Next, define the `train_step` function which will be called for each batch on an
encrypted batch of labels, y. The function first does a forward on the plaintext
image x to compute a predicted label, then does backpropagation using the
encrypted label y.

In [5]:
def train_step(x, enc_y):
    # Forward pass always in plaintext
    y_pred = x
    for i, l in enumerate(layers):
        y_pred = l(y_pred, training=True)

    # Backward pass.
    dx = loss_fn.grad(enc_y, y_pred)
    dJ_dw = []
    dJ_dx = [dx,]
    for l in reversed(layers):
        if isinstance(l, tf_shell_ml.GlobalAveragePooling1D):
            dw, dx = l.backward(dJ_dx[-1])
        else:
            dw, dx = l.backward(dJ_dx[-1], public_rotation_key)
        dJ_dw.extend(dw)
        dJ_dx.append(dx)

    return reversed(dJ_dw)


@tf.function
def train_step_wrapper(x_batch, y_batch):
    if use_encryption:
        # Encrypt the batch of secret labels y.
        enc_y_batch = tf_shell.to_encrypted(y_batch, secret_key, context)
    else:
        enc_y_batch = y_batch

    # Run the training step. The top and bottom halves of the batch are
    # treated as two separate mini-batches run in parallel.
    enc_grads = train_step(x_batch, enc_y_batch)

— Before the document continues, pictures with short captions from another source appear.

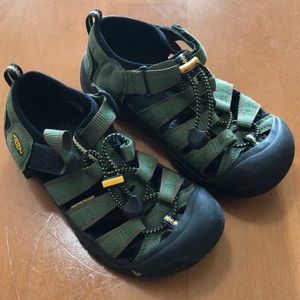 Keen sandals youth size 3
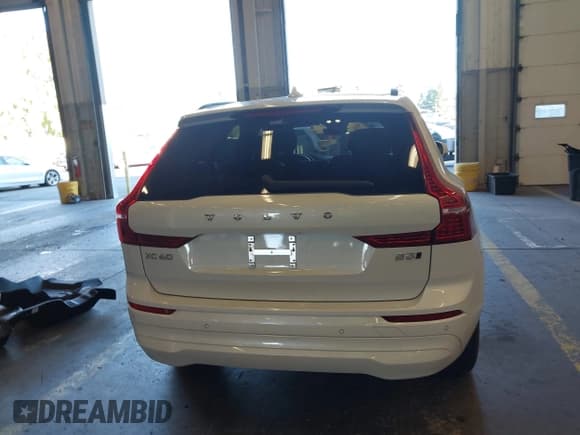 ✅ 2022 Volvo XC60 Momentum • VIN: YV4L12RK7N1035630 • Лот: 43514160. Опубликован ранее на IAAI с пробегом 90 240 миль. Бесплатный доступ к архиву аукционных продаж из США и подробный отчёт об истории автомобиля на DreamBid. Изображение 16.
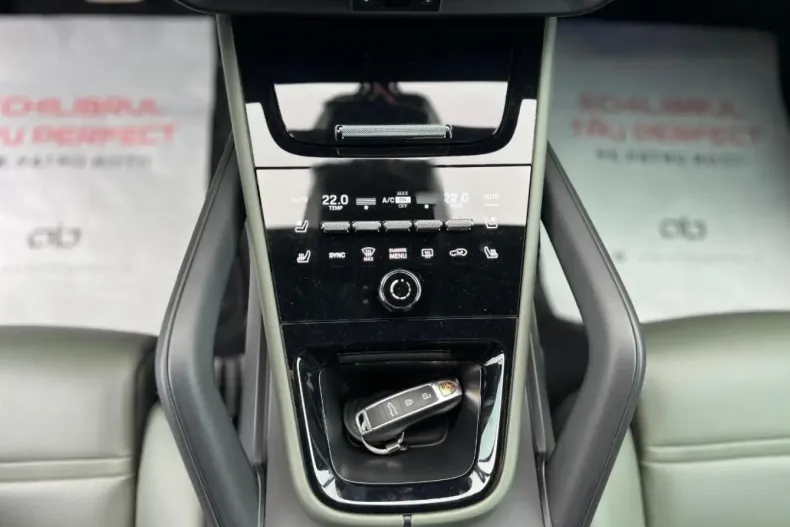 Porsche Cayenne din 2024 cu 15.300 km - oferta POR106504 - foto 19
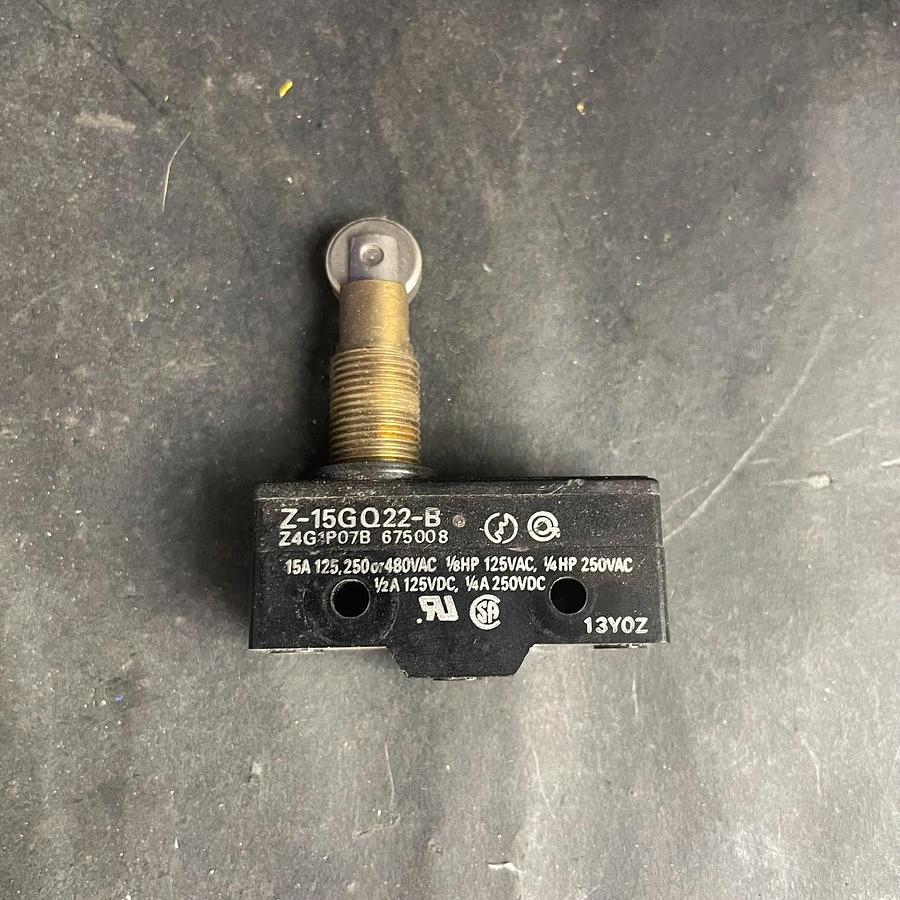 Used OMRON Z-15GQ22-B MICRO SWITCH
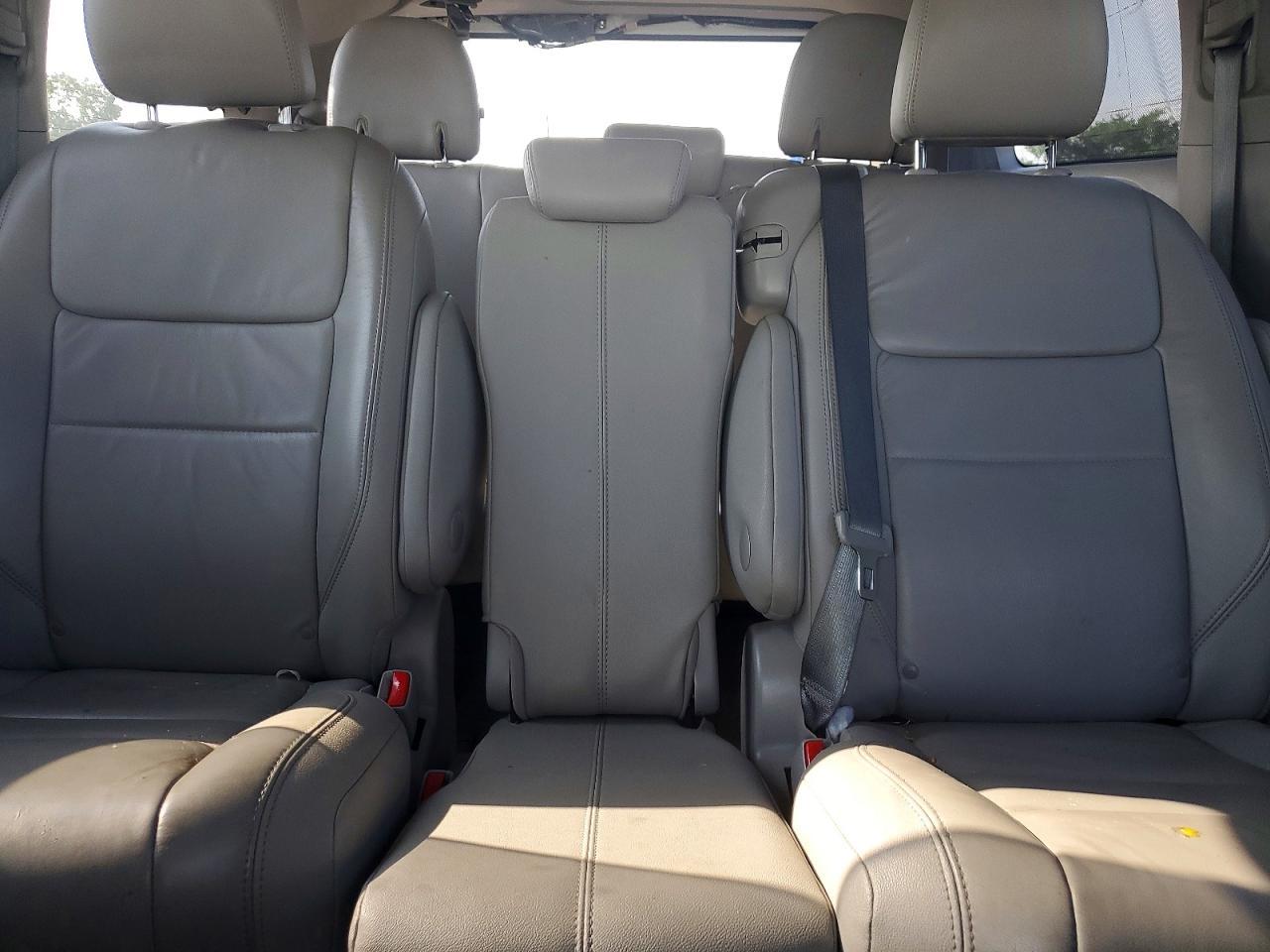 2016 TOYOTA SIENNA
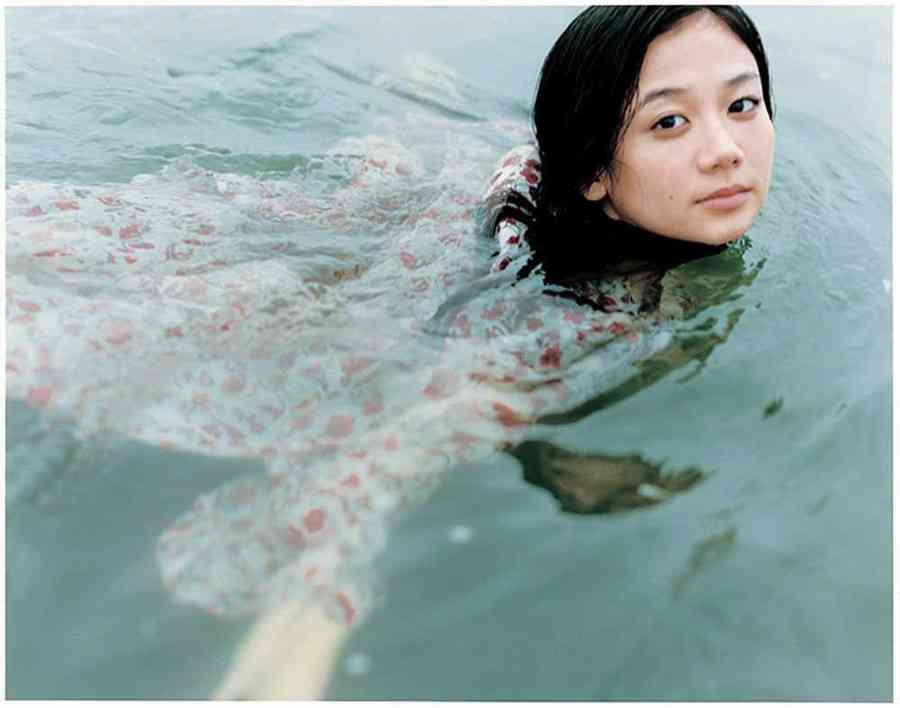 清水富美加…初のフォトエッセー発売「ぼーっとしてたり、すましたり、ブサイクだったりしてます」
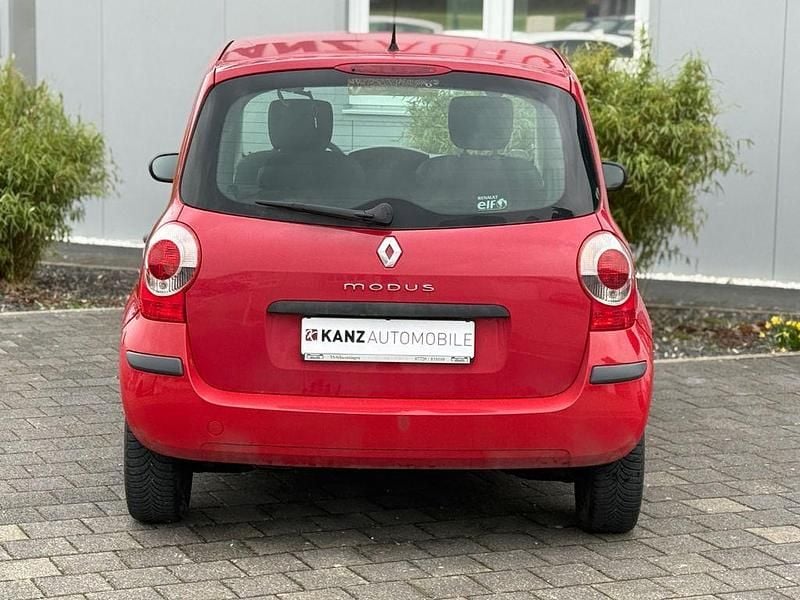 Second-hand Renault Modus 75 CP (55 kW) 2007 Roșu Monovolum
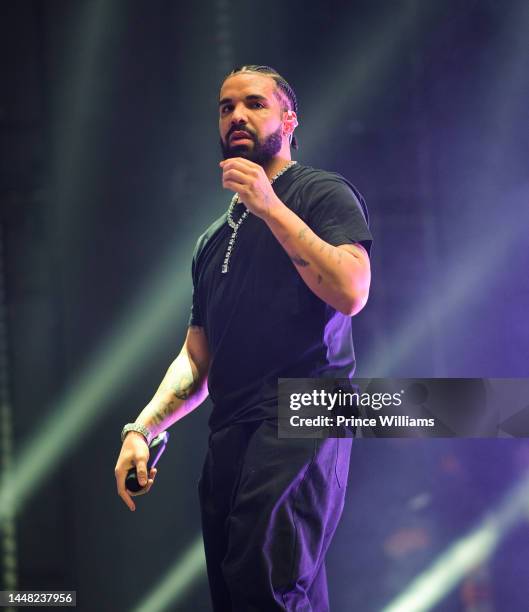 Drake performs onstage during "Lil Baby & Friends Birthday Celebration Concert" at State Farm Arena on December 9, 2022 in Atlanta, Georgia.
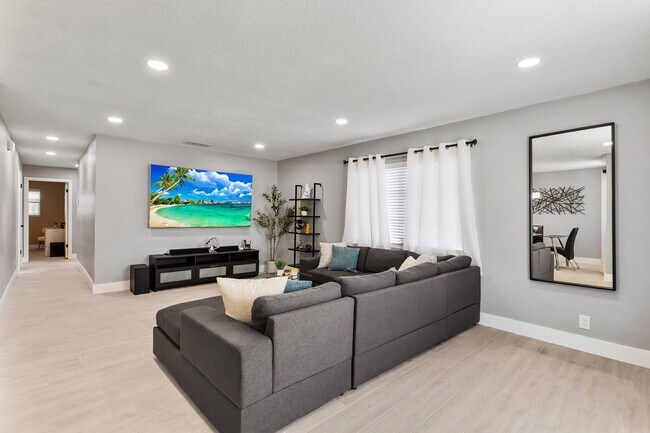 Foto del edificio - 831 SW 13th St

    filtered_layers = [l for l in layers if len(l.weights) > 0]

    if use_encryption:
        # Decrypt the weight gradients. In practice, the gradients should be
        # noised before decrypting.
        packed_grads = [tf_shell.to_tensorflow(g, secret_key) for g in enc_grads]
        # Unpack the plaintext gradients using the corresponding layer.
        grads = [l.unpack(g) for l, g in zip (filtered_layers, packed_grads)]
    else:
        grads = enc_grads

    weights = []
    for l in filtered_layers:
        weights+=l.weights

    # Apply the gradients to the model.
    optimizer.apply_gradients(zip(grads, weights))

Here is the training loop. Each inner iteration runs two batches of size
$2^{12-1}$ simultaneously.

Tensorboard can be used to visualize the training progress. See cell output for
command to start tensorboard.

In [6]:
start_time = time.time()
tf.config.run_functions_eagerly(False)


def check_accuracy(dataset):
    average_loss = 0
    average_accuracy = 0
    for x, y in dataset:
        y = tf.one_hot(tf.cast(y, tf.int32), 2)

        y_pred = vectorize_layer(x)
        # Do not filter when testing.
        for i, l in enumerate(layers):
            y_pred = l(y_pred)

        loss = tf.reduce_mean(loss_fn(y, y_pred))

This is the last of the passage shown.